Start of Records for this exercise
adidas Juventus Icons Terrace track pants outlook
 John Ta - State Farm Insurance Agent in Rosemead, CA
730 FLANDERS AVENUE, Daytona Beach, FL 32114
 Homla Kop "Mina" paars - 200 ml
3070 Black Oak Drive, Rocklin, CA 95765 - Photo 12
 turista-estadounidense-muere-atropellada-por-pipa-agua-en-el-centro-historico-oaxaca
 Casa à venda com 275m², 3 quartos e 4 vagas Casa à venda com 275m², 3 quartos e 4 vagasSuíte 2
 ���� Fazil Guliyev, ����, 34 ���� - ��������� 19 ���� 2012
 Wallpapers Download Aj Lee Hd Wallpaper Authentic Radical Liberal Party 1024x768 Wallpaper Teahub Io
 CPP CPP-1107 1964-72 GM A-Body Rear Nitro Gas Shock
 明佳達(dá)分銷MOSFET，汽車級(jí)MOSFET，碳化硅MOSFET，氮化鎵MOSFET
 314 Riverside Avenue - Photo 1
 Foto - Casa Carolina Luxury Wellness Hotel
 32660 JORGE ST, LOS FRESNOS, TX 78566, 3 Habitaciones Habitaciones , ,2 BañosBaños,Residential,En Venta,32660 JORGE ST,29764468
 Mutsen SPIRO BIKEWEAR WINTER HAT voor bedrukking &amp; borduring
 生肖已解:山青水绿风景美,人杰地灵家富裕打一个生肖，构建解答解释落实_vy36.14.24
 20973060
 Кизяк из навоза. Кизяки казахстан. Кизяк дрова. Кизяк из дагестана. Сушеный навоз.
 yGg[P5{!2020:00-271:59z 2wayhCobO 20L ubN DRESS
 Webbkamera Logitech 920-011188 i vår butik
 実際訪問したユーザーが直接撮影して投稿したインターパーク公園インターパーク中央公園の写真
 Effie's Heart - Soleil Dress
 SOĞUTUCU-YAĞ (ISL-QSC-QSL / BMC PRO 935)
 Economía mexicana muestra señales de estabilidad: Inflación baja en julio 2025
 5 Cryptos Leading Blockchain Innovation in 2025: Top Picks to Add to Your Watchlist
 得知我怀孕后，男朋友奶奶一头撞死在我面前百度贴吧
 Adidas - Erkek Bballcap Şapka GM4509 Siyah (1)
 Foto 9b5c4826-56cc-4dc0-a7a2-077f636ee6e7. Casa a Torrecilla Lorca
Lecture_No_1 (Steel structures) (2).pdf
End of Records for this exercise
Your instructions | All of the entries above should be output exactly as they are.

Written solution |
adidas Juventus Icons Terrace track pants outlook
 John Ta - State Farm Insurance Agent in Rosemead, CA
730 FLANDERS AVENUE, Daytona Beach, FL 32114
 Homla Kop "Mina" paars - 200 ml
3070 Black Oak Drive, Rocklin, CA 95765 - Photo 12
 turista-estadounidense-muere-atropellada-por-pipa-agua-en-el-centro-historico-oaxaca
 Casa à venda com 275m², 3 quartos e 4 vagas Casa à venda com 275m², 3 quartos e 4 vagasSuíte 2
 ���� Fazil Guliyev, ����, 34 ���� - ��������� 19 ���� 2012
 Wallpapers Download Aj Lee Hd Wallpaper Authentic Radical Liberal Party 1024x768 Wallpaper Teahub Io
 CPP CPP-1107 1964-72 GM A-Body Rear Nitro Gas Shock
 明佳達(dá)分銷MOSFET，汽車級(jí)MOSFET，碳化硅MOSFET，氮化鎵MOSFET
 314 Riverside Avenue - Photo 1
 Foto - Casa Carolina Luxury Wellness Hotel
 32660 JORGE ST, LOS FRESNOS, TX 78566, 3 Habitaciones Habitaciones , ,2 BañosBaños,Residential,En Venta,32660 JORGE ST,29764468
 Mutsen SPIRO BIKEWEAR WINTER HAT voor bedrukking &amp; borduring
 生肖已解:山青水绿风景美,人杰地灵家富裕打一个生肖，构建解答解释落实_vy36.14.24
 20973060
 Кизяк из навоза. Кизяки казахстан. Кизяк дрова. Кизяк из дагестана. Сушеный навоз.
 yGg[P5{!2020:00-271:59z 2wayhCobO 20L ubN DRESS
 Webbkamera Logitech 920-011188 i vår butik
 実際訪問したユーザーが直接撮影して投稿したインターパーク公園インターパーク中央公園の写真
 Effie's Heart - Soleil Dress
 SOĞUTUCU-YAĞ (ISL-QSC-QSL / BMC PRO 935)
 Economía mexicana muestra señales de estabilidad: Inflación baja en julio 2025
 5 Cryptos Leading Blockchain Innovation in 2025: Top Picks to Add to Your Watchlist
 得知我怀孕后，男朋友奶奶一头撞死在我面前百度贴吧
 Adidas - Erkek Bballcap Şapka GM4509 Siyah (1)
 Foto 9b5c4826-56cc-4dc0-a7a2-077f636ee6e7. Casa a Torrecilla Lorca
Lecture_No_1 (Steel structures) (2).pdf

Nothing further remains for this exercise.